METHODS: We used Zambia program data as of January 2021 (with 80% of 2L patients on LPV/r and 20% on ATV/r), to populate a Markov state-transition model, coded in R. Four likely policy scenarios (Standard of Care (SOC) and three comparators) were defined to compare the cost-effectiveness of 2L ART optimization strategies: 1) SOC: uses LPV/r and ATV/r at their current breakdown in 2L; 2) C1: replaces LPV/r with DRV/r; 3) C2: replaces both LPV/r and ATV/r with DRV/r; and 4) C3: uses DTG for all non-nucleosidereverse transcriptase inhibitor failures, and DRV/r for DTG failures. The ART patient cohort transitions through health states including: ART status, viral load suppression status, CD4 cell count, opportunistic infections (OI). Published utility weights were applied to health states to estimate quality-adjusted-life-years (QALYs). Costs included all aspects of treatment from the health systems perspective and used public reference prices for annual treatment costs (DRV/r-$213, LPV/r-$227, ATV/r-$164, DTG-$32). Failure and retention on different regimens were parameterized using published literature, standardized to account for multiple studies. The WHO-CHOICE definition was used to determine cost-effectiveness (US$1050 per capita GDP in Zambia), 3% discounting was applied.

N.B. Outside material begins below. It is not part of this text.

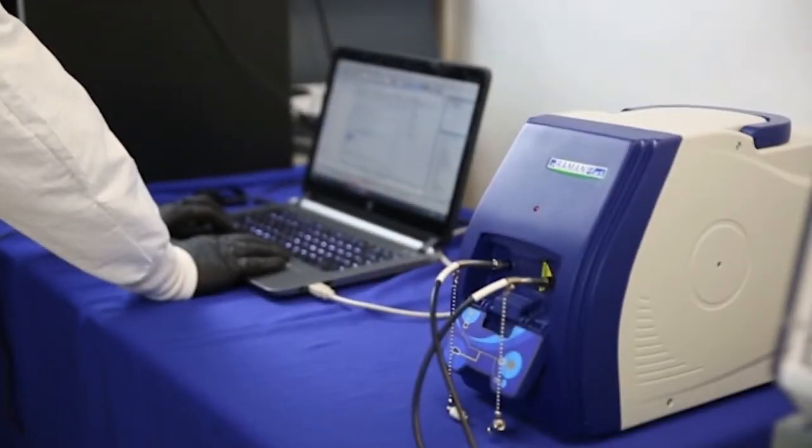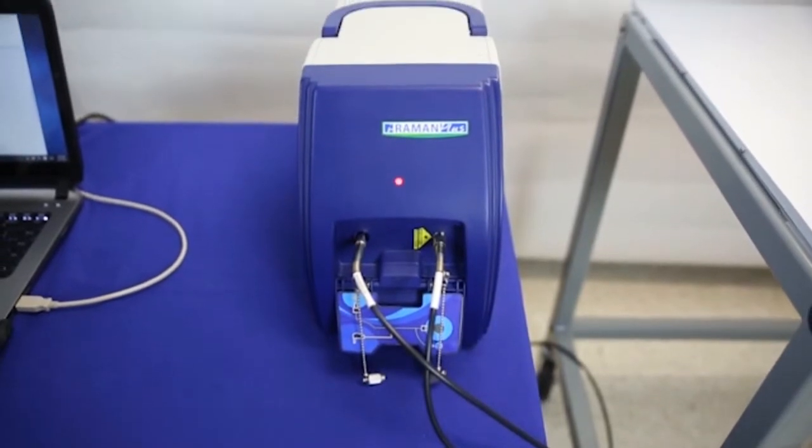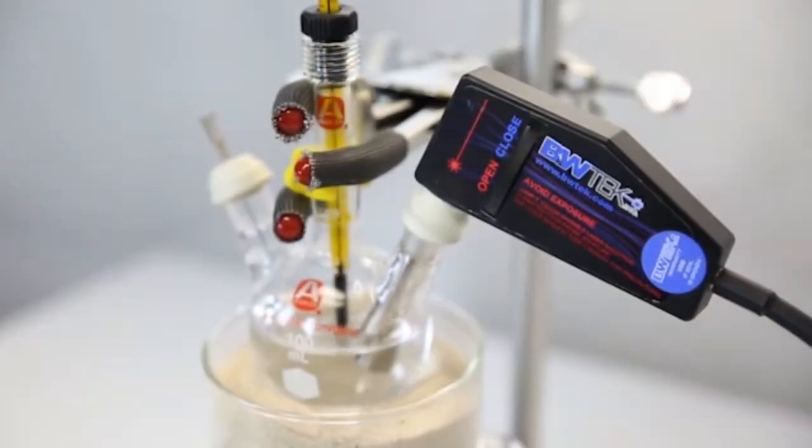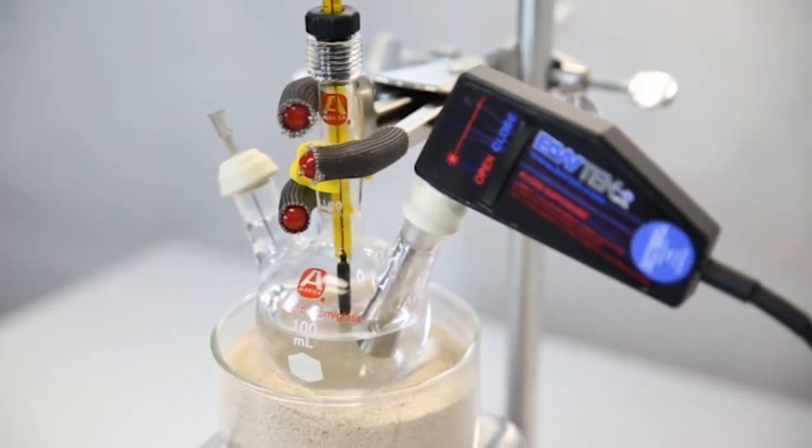For today's experiment, we will be using our i-Raman Plus portable Raman system with a 785 nanometer laser excitation to monitor the hydrolysis of acetic anhydride. The hydrolysis process converts acetic anhydride to acetic acid via nucleophilic carbonyl substitution.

Results exclude patients that did not migrate to 2L.
RESULTS: Comparator scenarios C1 and C3 were cost-saving compared to the SOC, QALYs increased by 3% and 5%, respectively, while 10-year costs decreased by 2% and 5%, respectively. Comparator C2 showed increased QALYs (4.5%) with 4% increased costs; the incremental cost-effectiveness ratio (ICER) is considered highly cost-effective at US$411/QALY gained.
CONCLUSIONS: DRV/r will improve health outcomes and is cost-effective when replacing LPV/r and ATV/r. Using DTG in 2L offers additional cost savings, and combined with DRV/r presents an optimal approach for 2L optimization, allowing programs to use the best-in-class drug.